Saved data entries
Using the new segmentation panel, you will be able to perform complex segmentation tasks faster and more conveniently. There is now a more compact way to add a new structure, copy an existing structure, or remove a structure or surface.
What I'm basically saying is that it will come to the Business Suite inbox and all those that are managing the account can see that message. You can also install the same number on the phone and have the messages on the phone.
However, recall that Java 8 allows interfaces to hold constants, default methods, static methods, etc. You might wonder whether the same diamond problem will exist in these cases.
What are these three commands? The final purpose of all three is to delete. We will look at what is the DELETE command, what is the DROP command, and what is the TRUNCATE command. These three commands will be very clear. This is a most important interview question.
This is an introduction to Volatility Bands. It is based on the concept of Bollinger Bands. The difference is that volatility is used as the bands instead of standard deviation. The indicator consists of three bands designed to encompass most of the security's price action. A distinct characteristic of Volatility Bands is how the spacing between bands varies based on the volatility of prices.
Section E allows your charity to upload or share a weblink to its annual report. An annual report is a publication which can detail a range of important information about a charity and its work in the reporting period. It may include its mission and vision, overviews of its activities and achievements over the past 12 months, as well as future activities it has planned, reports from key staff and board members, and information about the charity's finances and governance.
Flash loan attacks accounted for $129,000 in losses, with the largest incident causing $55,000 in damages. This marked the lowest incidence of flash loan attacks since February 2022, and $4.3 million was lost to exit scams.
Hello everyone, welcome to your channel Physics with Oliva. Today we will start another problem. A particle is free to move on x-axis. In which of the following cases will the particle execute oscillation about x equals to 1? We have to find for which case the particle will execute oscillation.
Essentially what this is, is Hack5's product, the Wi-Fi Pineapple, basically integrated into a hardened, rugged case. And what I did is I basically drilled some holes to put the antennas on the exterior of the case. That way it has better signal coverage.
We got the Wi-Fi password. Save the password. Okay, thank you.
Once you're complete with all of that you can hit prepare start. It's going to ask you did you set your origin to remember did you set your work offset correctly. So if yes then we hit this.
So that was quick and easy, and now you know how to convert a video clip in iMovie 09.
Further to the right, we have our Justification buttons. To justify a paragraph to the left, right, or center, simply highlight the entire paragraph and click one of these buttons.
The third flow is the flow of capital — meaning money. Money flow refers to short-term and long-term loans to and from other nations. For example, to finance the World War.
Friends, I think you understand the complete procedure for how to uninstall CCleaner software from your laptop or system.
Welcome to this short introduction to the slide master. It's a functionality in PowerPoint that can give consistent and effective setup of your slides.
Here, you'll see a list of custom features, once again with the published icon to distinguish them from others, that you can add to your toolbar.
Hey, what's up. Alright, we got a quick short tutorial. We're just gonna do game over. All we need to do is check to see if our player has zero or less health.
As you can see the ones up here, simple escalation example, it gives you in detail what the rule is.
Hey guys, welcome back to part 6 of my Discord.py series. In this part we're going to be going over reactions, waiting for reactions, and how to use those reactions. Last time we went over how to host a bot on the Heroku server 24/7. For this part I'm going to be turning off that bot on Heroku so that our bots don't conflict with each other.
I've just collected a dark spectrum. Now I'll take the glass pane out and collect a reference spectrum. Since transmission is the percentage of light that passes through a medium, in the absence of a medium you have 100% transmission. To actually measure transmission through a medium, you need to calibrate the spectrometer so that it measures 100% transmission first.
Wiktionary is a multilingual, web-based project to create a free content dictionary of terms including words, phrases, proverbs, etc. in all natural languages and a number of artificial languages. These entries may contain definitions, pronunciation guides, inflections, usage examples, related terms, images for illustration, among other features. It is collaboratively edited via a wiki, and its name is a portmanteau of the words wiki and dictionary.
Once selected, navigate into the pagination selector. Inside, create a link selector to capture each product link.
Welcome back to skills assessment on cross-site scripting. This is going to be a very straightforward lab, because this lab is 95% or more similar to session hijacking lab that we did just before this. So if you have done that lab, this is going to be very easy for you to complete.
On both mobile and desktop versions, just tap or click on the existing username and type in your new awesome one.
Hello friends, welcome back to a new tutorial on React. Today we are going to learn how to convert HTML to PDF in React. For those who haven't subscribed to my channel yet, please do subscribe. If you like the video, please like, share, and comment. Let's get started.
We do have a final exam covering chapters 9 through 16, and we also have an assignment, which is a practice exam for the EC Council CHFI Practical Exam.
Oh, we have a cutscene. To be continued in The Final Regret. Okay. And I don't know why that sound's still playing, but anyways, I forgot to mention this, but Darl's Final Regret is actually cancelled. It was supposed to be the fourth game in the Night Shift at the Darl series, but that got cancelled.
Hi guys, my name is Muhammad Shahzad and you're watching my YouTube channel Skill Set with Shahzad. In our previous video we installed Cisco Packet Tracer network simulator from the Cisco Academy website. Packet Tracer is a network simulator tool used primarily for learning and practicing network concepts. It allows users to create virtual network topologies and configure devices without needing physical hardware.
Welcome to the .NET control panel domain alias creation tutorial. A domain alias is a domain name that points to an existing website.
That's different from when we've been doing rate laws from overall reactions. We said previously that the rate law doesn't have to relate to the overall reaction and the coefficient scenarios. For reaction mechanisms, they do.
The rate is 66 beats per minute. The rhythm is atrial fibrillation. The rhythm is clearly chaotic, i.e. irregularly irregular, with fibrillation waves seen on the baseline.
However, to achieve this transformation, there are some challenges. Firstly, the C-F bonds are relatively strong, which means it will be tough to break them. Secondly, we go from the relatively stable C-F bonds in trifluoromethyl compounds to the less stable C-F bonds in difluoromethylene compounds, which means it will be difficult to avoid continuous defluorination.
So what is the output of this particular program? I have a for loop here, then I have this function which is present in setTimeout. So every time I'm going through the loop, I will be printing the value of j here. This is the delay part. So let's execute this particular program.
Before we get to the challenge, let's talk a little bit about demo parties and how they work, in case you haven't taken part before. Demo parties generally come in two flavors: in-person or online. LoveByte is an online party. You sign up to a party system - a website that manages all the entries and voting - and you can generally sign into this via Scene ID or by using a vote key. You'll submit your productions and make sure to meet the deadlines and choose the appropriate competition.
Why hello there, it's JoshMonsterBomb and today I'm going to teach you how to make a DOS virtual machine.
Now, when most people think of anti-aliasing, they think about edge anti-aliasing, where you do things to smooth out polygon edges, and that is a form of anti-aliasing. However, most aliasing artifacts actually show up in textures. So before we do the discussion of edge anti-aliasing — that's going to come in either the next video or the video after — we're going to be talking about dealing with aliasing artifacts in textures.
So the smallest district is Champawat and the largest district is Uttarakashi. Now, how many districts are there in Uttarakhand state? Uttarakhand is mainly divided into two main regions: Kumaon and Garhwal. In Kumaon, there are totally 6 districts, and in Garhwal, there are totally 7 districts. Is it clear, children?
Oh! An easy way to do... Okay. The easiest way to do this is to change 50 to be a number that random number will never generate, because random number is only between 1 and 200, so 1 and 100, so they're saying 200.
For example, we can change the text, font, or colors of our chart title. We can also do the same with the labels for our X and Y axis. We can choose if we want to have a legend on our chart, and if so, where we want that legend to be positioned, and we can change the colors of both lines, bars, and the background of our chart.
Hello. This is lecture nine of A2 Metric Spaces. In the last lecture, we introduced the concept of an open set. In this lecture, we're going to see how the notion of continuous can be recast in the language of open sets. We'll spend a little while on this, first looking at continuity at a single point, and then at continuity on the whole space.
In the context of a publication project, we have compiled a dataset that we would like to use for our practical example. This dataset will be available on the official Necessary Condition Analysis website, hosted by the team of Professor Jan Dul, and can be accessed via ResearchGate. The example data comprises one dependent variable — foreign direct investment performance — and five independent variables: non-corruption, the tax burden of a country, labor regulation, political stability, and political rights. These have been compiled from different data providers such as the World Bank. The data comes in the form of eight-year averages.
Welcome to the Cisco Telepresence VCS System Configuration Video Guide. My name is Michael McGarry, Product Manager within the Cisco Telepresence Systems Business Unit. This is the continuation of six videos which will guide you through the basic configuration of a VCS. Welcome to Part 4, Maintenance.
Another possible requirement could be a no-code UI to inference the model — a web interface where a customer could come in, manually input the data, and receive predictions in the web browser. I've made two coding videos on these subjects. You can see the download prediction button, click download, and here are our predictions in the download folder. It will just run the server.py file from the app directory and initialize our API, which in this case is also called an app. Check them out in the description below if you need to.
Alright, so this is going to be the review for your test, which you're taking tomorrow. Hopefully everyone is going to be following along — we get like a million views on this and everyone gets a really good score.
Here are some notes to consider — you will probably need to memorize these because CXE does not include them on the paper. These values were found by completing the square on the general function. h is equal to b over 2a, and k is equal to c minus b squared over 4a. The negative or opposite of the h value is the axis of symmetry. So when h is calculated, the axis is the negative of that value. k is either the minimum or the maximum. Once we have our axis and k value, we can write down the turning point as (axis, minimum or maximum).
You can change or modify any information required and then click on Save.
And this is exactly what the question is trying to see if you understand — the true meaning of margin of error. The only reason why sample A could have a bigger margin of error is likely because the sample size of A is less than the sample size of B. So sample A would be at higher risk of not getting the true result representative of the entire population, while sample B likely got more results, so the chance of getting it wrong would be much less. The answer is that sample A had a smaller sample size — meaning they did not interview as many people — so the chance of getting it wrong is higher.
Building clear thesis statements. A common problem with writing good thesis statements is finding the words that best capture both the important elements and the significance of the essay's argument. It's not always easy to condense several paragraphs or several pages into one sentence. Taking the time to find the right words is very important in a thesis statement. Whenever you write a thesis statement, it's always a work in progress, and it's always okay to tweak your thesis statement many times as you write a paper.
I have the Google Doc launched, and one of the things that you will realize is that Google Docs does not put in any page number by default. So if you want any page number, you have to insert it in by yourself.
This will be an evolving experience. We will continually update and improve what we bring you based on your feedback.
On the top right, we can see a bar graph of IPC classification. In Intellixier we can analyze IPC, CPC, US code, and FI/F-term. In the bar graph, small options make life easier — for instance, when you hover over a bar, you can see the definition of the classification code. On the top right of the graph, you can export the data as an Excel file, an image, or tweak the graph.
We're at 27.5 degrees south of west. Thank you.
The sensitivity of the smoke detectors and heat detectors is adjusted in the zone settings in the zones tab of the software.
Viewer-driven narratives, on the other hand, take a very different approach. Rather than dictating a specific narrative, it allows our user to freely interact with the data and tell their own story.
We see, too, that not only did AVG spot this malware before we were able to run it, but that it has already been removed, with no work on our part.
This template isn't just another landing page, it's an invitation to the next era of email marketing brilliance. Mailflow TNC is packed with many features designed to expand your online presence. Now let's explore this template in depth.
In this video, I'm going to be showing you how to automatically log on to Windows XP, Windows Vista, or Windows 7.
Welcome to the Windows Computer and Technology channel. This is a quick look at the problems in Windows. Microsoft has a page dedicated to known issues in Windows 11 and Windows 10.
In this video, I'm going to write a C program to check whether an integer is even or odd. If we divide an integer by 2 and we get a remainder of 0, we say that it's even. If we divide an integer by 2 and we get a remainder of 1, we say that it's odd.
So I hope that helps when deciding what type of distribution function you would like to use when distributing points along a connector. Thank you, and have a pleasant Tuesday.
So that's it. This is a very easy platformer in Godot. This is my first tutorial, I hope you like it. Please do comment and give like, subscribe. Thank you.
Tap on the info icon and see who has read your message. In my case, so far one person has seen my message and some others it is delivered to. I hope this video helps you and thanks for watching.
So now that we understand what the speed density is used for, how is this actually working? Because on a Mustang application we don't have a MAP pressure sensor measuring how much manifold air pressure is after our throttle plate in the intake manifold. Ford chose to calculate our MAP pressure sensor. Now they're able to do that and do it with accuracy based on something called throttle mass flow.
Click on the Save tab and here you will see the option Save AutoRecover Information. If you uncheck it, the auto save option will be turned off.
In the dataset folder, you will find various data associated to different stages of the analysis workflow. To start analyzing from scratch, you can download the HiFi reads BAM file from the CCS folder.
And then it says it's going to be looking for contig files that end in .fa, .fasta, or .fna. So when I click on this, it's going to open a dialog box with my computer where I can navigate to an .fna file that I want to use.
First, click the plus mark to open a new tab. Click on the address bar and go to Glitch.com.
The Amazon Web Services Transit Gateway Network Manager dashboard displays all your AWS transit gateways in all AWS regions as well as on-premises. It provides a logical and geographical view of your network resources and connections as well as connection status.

• _The task_: The response must consist solely of the lines from the top of the records through the line holding "Section E allows", copied word for word.

• _Exercise output_:
Using the new segmentation panel, you will be able to perform complex segmentation tasks faster and more conveniently. There is now a more compact way to add a new structure, copy an existing structure, or remove a structure or surface.
What I'm basically saying is that it will come to the Business Suite inbox and all those that are managing the account can see that message. You can also install the same number on the phone and have the messages on the phone.
However, recall that Java 8 allows interfaces to hold constants, default methods, static methods, etc. You might wonder whether the same diamond problem will exist in these cases.
What are these three commands? The final purpose of all three is to delete. We will look at what is the DELETE command, what is the DROP command, and what is the TRUNCATE command. These three commands will be very clear. This is a most important interview question.
This is an introduction to Volatility Bands. It is based on the concept of Bollinger Bands. The difference is that volatility is used as the bands instead of standard deviation. The indicator consists of three bands designed to encompass most of the security's price action. A distinct characteristic of Volatility Bands is how the spacing between bands varies based on the volatility of prices.
Section E allows your charity to upload or share a weblink to its annual report. An annual report is a publication which can detail a range of important information about a charity and its work in the reporting period. It may include its mission and vision, overviews of its activities and achievements over the past 12 months, as well as future activities it has planned, reports from key staff and board members, and information about the charity's finances and governance.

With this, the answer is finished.